- **Data to examine**:
___

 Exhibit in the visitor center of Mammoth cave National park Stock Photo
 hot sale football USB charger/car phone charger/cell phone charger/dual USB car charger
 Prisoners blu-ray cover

___

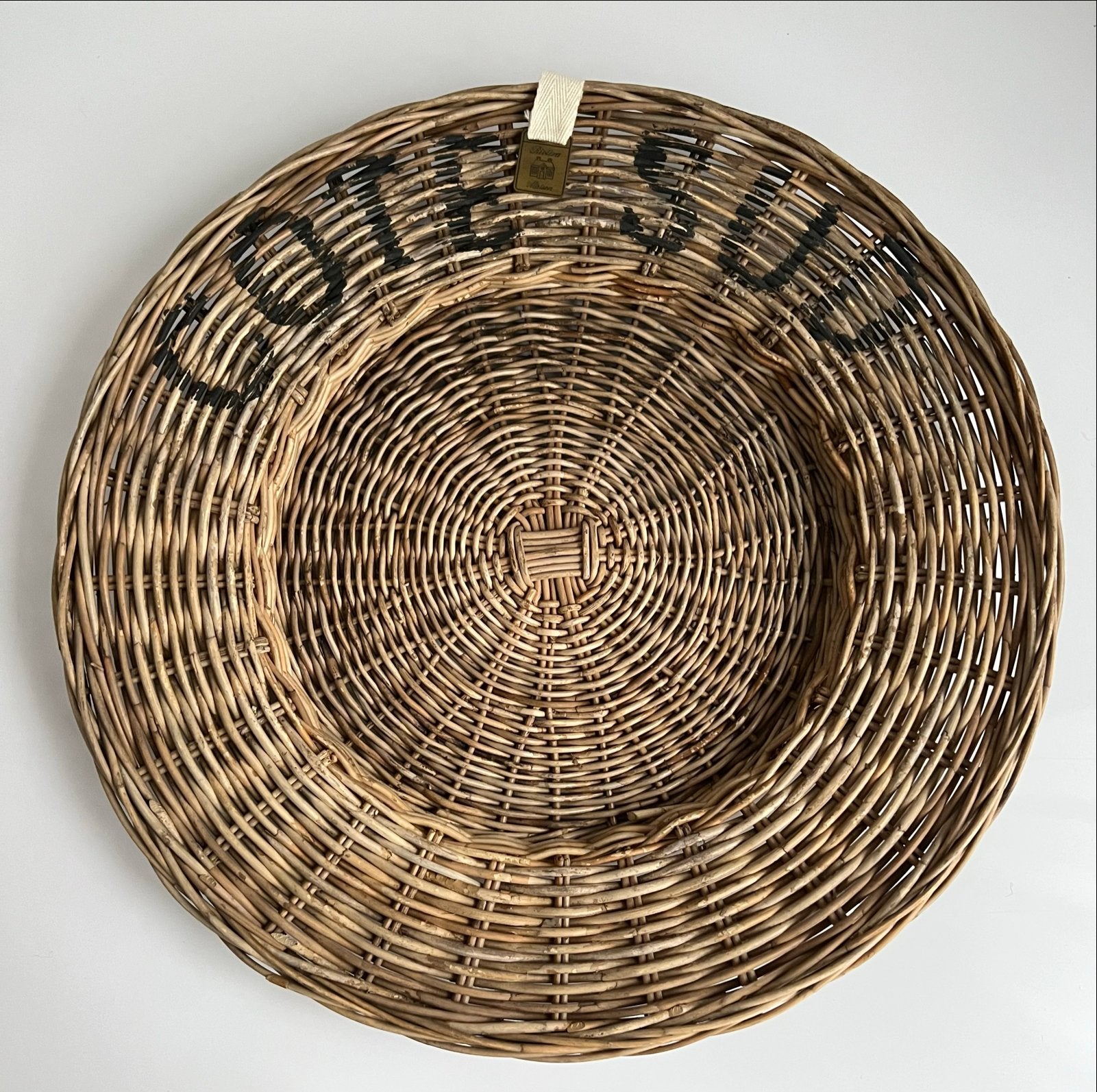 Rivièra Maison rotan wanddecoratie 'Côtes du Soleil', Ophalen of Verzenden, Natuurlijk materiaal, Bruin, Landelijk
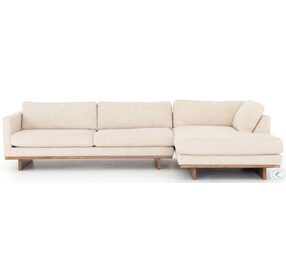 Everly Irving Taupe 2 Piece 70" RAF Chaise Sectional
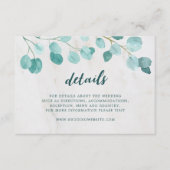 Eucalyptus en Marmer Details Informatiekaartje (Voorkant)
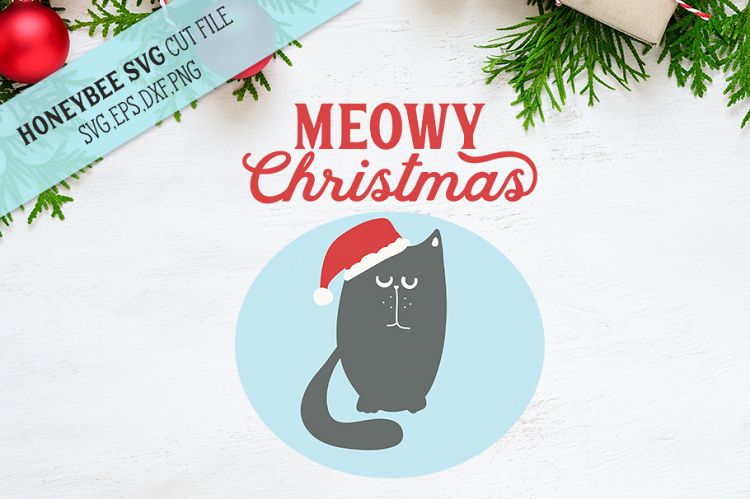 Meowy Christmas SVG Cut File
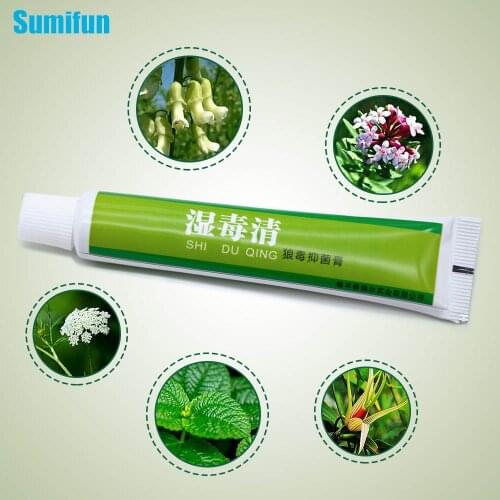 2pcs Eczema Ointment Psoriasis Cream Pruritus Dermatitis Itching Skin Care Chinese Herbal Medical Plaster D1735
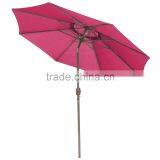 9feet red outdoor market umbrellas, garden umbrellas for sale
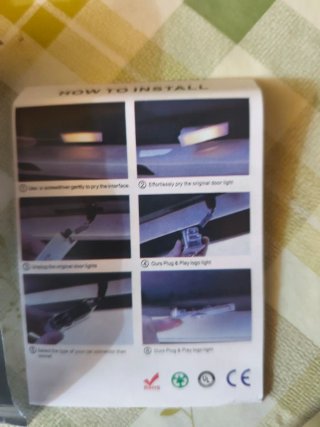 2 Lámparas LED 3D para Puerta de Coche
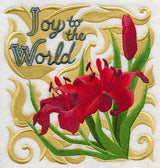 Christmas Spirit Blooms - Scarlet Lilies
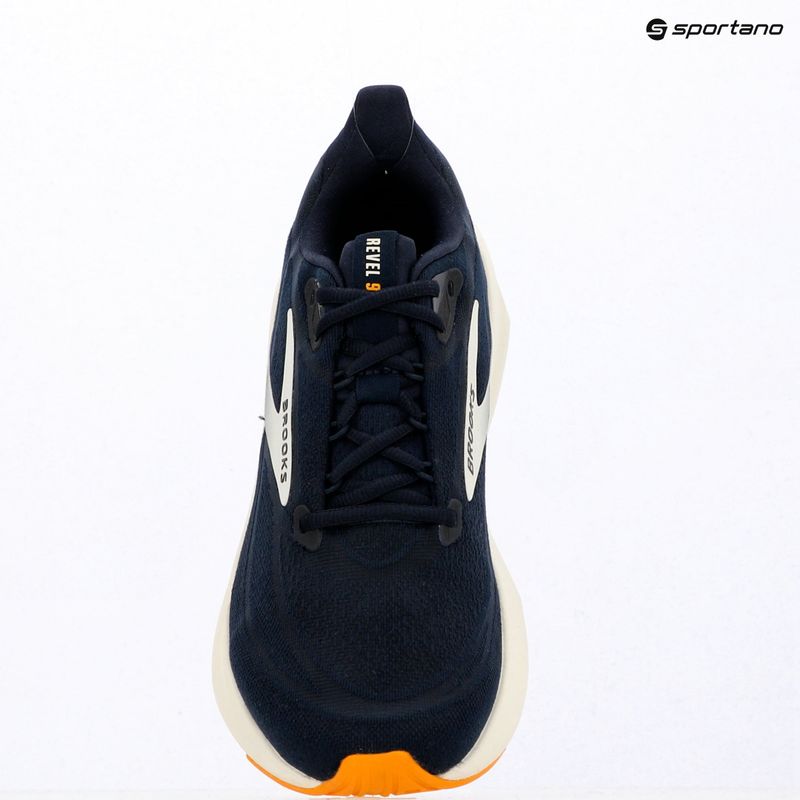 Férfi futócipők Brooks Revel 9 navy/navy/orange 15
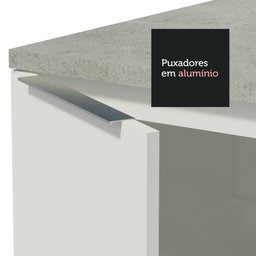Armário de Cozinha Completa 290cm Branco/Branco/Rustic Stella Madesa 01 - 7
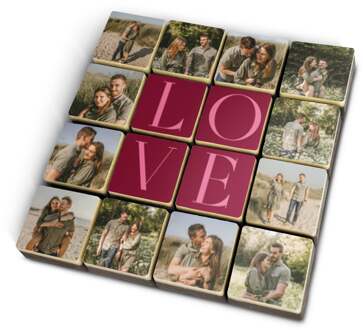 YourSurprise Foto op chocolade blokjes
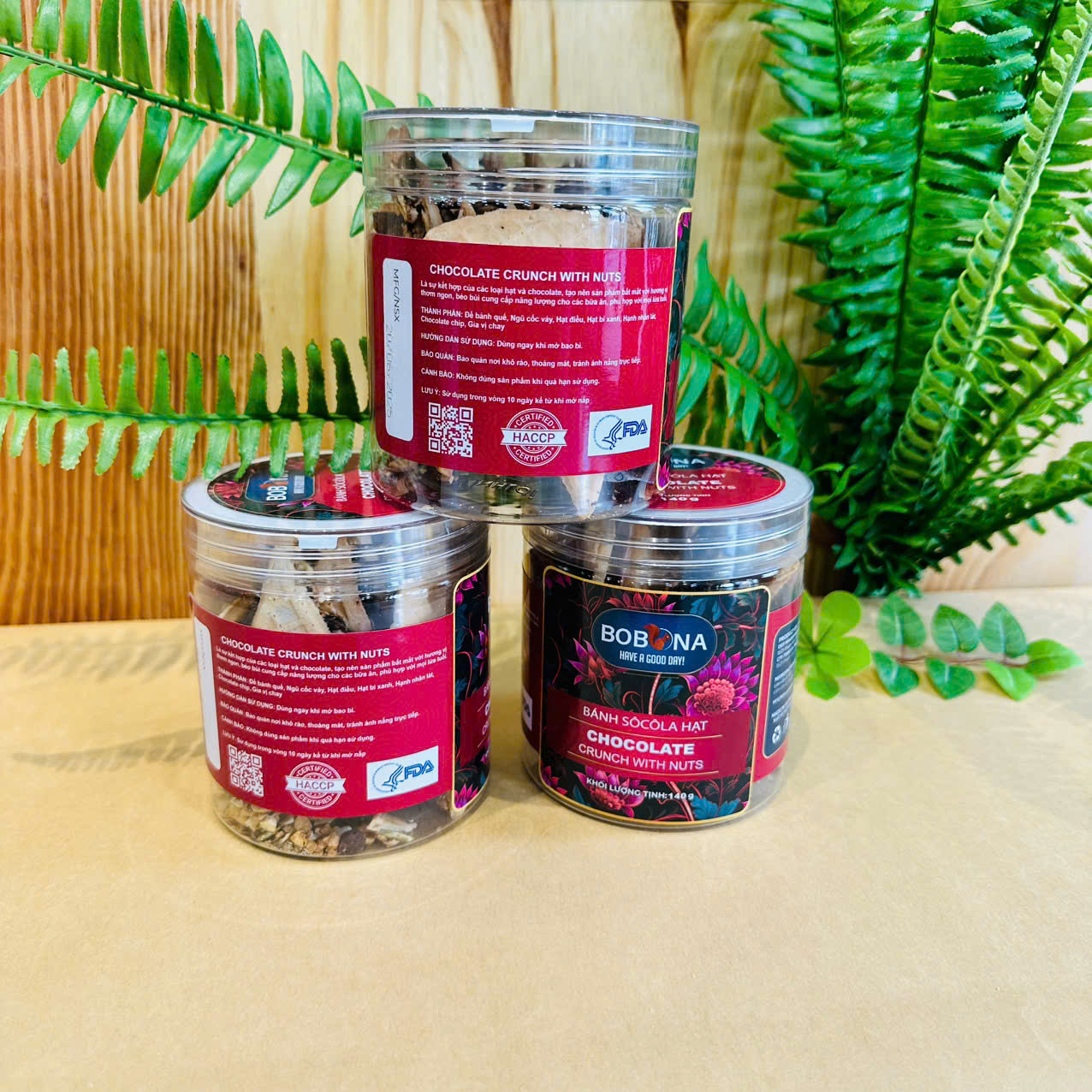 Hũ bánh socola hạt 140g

___

- **Task statement**:
Your answer should be the lines above, word for word, from the line with "Rivièra Maison rotan" through the line with "Meowy Christmas SVG Cut File", minus the pictures.

- **Answer section**:
 Rivièra Maison rotan wanddecoratie 'Côtes du Soleil', Ophalen of Verzenden, Natuurlijk materiaal, Bruin, Landelijk
 Everly Irving Taupe 2 Piece 70" RAF Chaise Sectional
 Eucalyptus en Marmer Details Informatiekaartje (Voorkant)
 Meowy Christmas SVG Cut File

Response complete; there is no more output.